Case ID: mass-l-rptr_15/html/0280-01.html
Source: Caselaw Access Project
Author: {"author": "Gants, J.", "license": "Public Domain", "url": "https://static.case.law/"}
Date Created: 2024-08-24T03:29:51.129683

Joan Vondra v. Crown Publishing Company et al.
    Superior Court, Middlesex, SS
    No. 012199F
    Memorandum Dated September 12, 2002
   Gants, J.

In 1988, Edward Bernays (“Mr. Bernays”), then 97 years old, hired the plaintiff, Joan Vondra (“Vondra”), to serve as his caretaker. On September 29, 1993, after concerns were raised about Mr. Bernays’ competency, Judge William Highgas of the Middlesex County Probate Court appointed the defendant Linda Kaloustian (“Kaloustian”) to serve as Mr. Bernays’ guardian ad litem (“GAL”) and directed her to prepare a guardian ad litem report (“the GAL Report”). Kaloustian conducted an investigation into Mr. Bemays’ situation, which included inquiry into various allegations that had been made against Vondra regarding her purported misuse other caretaker responsibilities. On December 1, 1993, Kaloustian submitted her 103-page GAL Report to Judge Highgas. Although the Report was declared confidential by Judge High-gas, a copy came into the possession of the defendant Larry Tye (“Tye”), who was writing a biography of Mr. Bernays entitled, “Edward L. Bernays: Father of Spin,” detailing Mr. Bemays’ prominent career in public relations. Tye’s biography, which was first published in October 1998, included certain information from the GAL Report: Tye specifically cited the Report as his source in more than twenty footnotes.

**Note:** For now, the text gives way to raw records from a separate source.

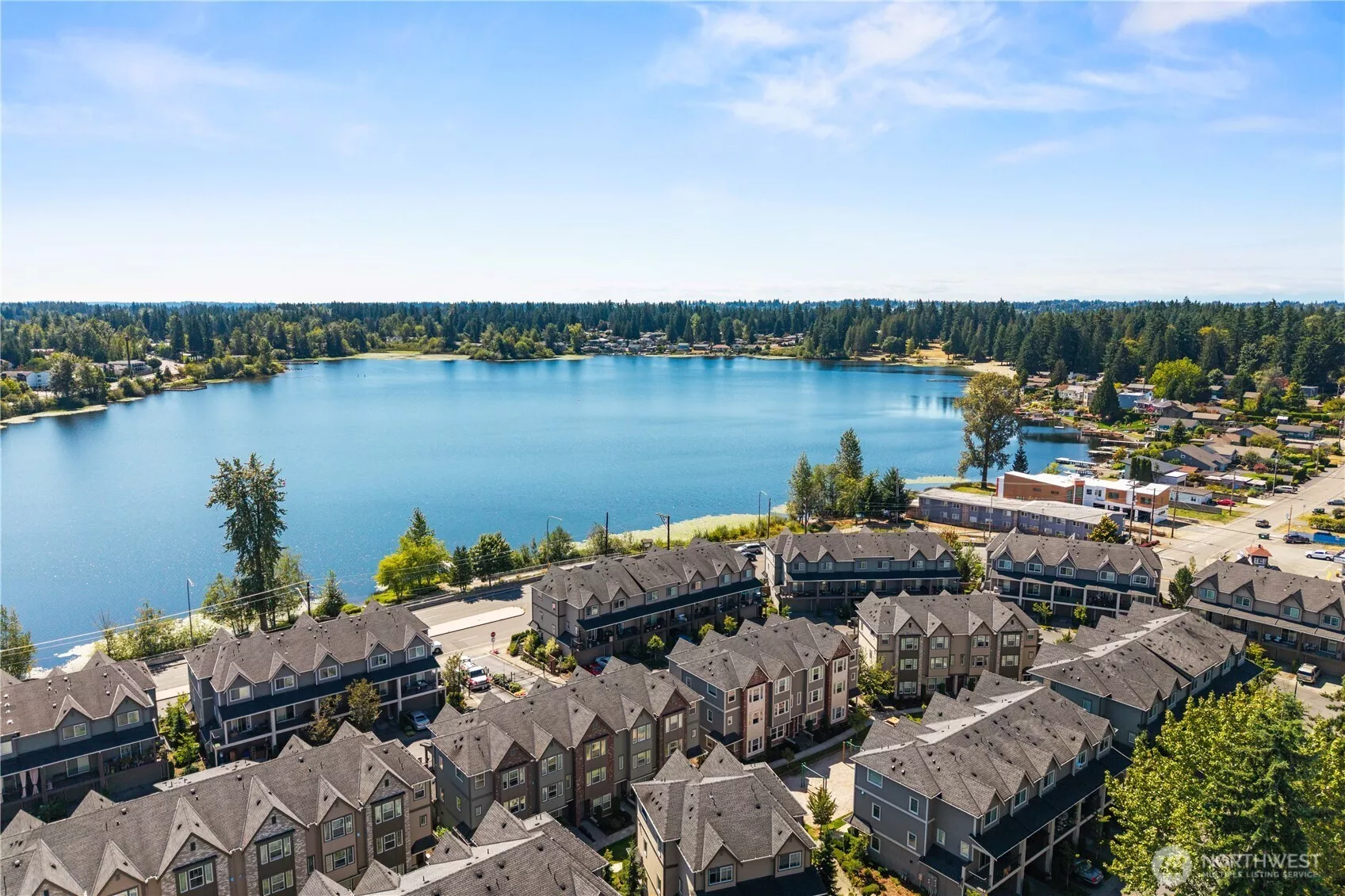 Welcome to the Townhomes at Silverlake!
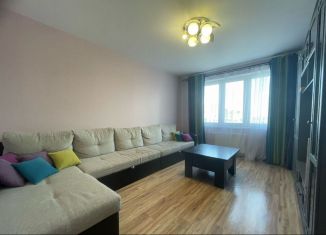 Продам 3-ком. квартиру, 81 м2, Краснодар, Дубравная улица, 17, микрорайон Молодёжный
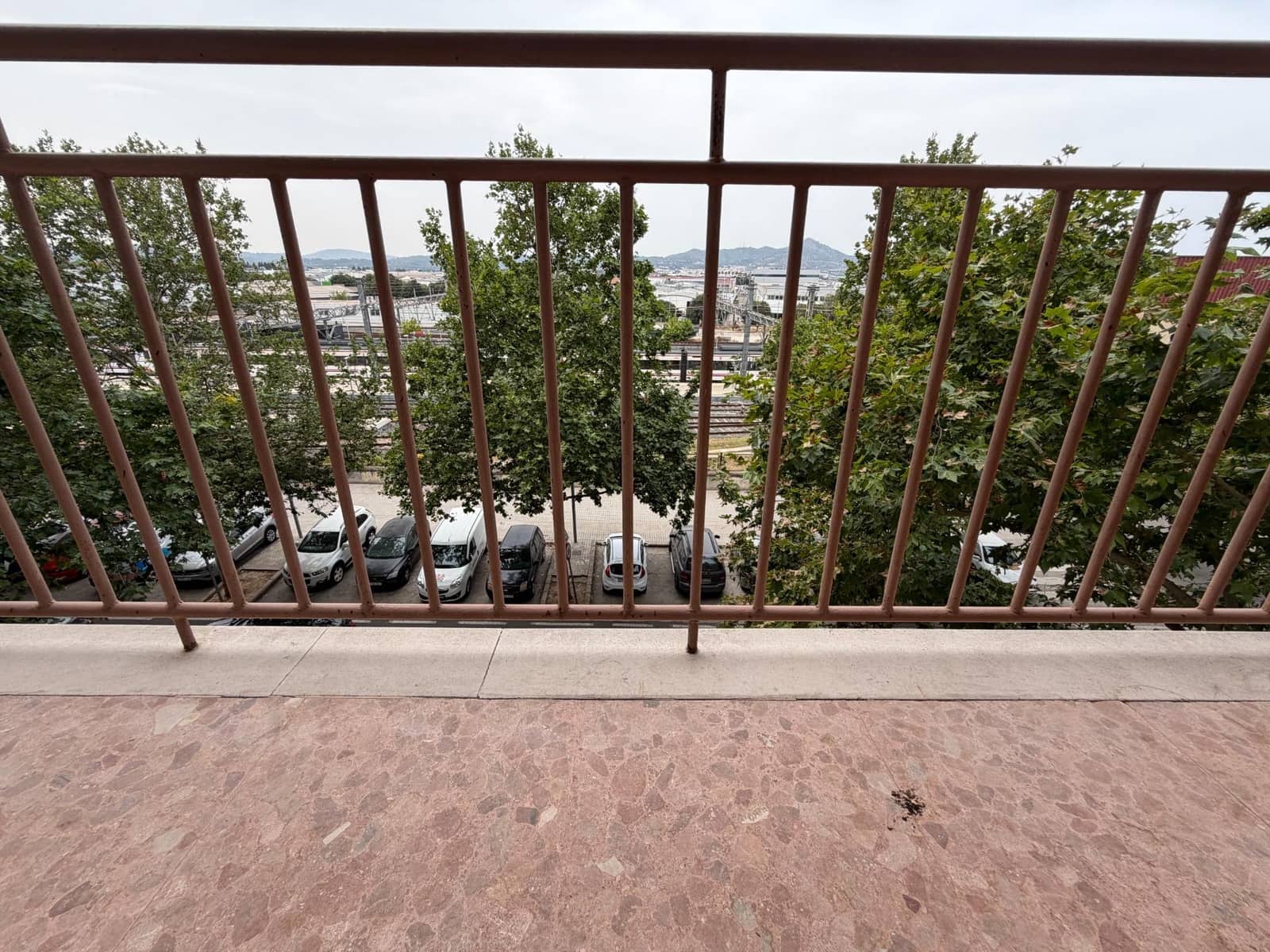 4 slaapkamer Flat te huur in Xativa met garage - € 850 (Ref: 9990712)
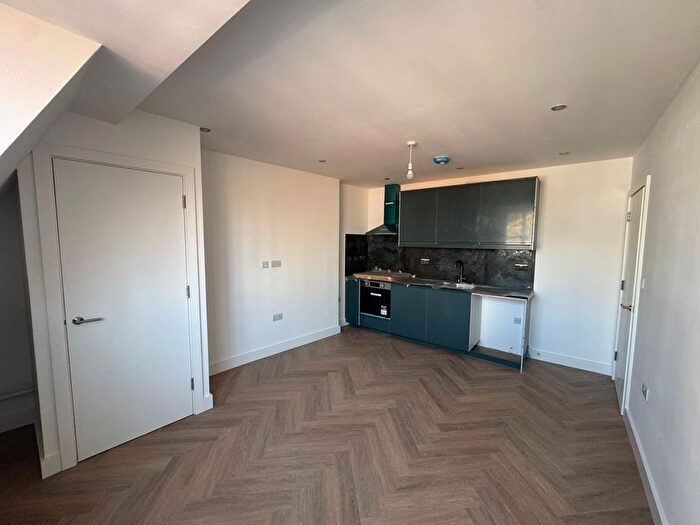 1 Bedroom Flat To Rent In A North End, CR0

Vondra claims that two statements in Tye’s biography of Mr. Bernays, both of which cited the GAL Report as their source, are false and defamatory. First, at page 231, Tye wrote:

It was their fear of financial finagling that first got Eddie’s daughters [the defendants Doris Bernays Held (“Held”) and Anne Bernays Kaplan (“Kaplan”)] worried. Anne received a call from a vice president at Sotheby’s auction house saying that Joan wanted to sell all of Eddie’s artwork, his furniture, and even his house.

Second, at page 233, Tye wrote:

The FBI was called in to work with the Cambridge police. A private investigator searched Joan’s room and, according to Doris, found “a dildo, marijuana pipe, empty wine bottles, and vague pornography.”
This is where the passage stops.